To learn more about the show, ARTnews caught up with the show’s London-based co-curator Agnes Gryczkowska over email. (Jenny Schlenzka was the show’s other co-curator and director of the museum.) The practice of Gryczkowska, who is also an art historian and writer, centers on creating Gesamtkunstwerk-like exhibitions. Her work stages dialogues between contemporary and historical narratives through a distinctly dark, interdisciplinary lens. Her recent curated exhibitions include “Au-delà” at Lafayette Anticipation in Paris and “Theatre of Cruelty” at Casino Luxembourg. She was also curator at Schinkel Pavillon in Berlin and assistant curator at the Serpentine Galleries in London.

This interview has been edited lightly for clarity and concision. 



ARTnews: Abramović has long used the body as both medium and message. How does “Balkan Erotic Epic: The Exhibition” extend or challenge the legacy of her earlier works, particularly in its scale and immersive structure?

Agnes Gryczkowska: “Balkan Erotic Epic: The Exhibition” extends ideas present from the beginning of Abramović’s practice, body, ritual, pain, eroticism, death, transformation, but on an expanded scale. In earlier works such as Rhythm 5 (1974) and Lips of Thomas (1975/2005), the body is solitary: her own, pushed to its limits in acts of endurance and transcendence. Here, that logic shifts outward, from the individual to the collective body, from private ordeal to shared rite. The body becomes a ritual instrument embedded in land, myth, and ancestry.

In this exhibition, that logic shifts outward—from the individual to the collective body. The body becomes a ritual instrument embedded in land, Slavic myth, and ancestry. It is still central, but no longer singular; it is multiplied, communal, and activated through collective gesture rather than individual extremity.

This expansion is rooted in Abramović’s Balkan Erotic Epic (2025) project, which premiered at Factory International. While that performative version combines video, live performance, sound, ritual action, and folklore into an immersive whole, the exhibition at Gropius Bau takes a different approach. It traces Abramović’s relationship to the Balkans and her understanding of eroticism across her entire oeuvre, placing this new body of work in dialogue with earlier pieces.
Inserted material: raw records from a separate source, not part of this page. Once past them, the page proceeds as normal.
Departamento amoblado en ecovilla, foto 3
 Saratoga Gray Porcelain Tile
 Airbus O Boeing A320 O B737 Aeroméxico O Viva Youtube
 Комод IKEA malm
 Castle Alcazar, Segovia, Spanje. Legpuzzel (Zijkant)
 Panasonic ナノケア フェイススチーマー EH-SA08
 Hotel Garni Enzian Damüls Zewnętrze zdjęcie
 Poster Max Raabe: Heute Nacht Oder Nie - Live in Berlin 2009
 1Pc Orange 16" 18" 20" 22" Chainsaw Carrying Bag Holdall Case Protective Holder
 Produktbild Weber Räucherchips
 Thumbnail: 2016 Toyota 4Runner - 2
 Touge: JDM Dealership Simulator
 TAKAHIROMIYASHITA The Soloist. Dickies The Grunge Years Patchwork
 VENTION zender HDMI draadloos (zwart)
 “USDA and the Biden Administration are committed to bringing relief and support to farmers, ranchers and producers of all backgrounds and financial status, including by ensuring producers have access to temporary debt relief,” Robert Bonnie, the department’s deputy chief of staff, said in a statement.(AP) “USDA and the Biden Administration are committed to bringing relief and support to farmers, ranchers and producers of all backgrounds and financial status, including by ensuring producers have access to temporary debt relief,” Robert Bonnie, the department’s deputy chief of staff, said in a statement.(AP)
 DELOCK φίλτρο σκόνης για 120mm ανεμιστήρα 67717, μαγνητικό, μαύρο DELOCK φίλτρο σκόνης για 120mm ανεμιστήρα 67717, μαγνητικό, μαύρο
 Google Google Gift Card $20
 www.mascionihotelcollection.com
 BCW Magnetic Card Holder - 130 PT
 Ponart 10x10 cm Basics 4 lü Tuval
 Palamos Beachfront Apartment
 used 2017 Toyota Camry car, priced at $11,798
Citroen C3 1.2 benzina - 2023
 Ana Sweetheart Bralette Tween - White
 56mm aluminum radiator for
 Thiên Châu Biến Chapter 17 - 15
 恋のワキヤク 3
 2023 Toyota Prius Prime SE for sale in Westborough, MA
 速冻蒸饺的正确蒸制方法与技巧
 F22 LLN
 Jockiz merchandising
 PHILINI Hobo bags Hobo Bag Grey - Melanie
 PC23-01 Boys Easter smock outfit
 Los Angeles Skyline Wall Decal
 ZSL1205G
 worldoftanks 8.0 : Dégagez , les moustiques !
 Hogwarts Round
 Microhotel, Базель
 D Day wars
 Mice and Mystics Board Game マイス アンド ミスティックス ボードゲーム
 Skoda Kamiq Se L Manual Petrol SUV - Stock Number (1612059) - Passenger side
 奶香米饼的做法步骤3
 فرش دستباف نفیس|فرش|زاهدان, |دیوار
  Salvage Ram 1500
It’s a huge, complex show. What were the biggest challenges of curating it?

A central challenge was translating the visceral immediacy of performance into a museum context without reducing it to documentation. The question was how to preserve intensity within a more static structure while keeping the work’s full context visible, its grounding in Balkan history, Abramović’s biography, and the broader conceptual framework of eroticism.

We foregrounded the history of Yugoslavia, Tito, and Abramović’s upbringing in a highly disciplined partisan household, where collective identity and control shaped everyday life. These conditions are deeply inscribed in her work, which repeatedly returns to ideology, mourning, sacrifice, communism, ancestry, and the politics of the body.

Equally important was resisting a reductive reading of eroticism as merely explicit. Here, eroticism operates as a fundamental force. For Abramović, as well as for one of my favourite philosophers, Georges Bataille, it is tied to ecstasy, loss of control, and the dissolution of the self, and is therefore inseparable from death. Structuring the exhibition into three chapters—The Political Body, Eroticism of the Earth, and Eroticism and Death—allowed these ideas to unfold more clearly.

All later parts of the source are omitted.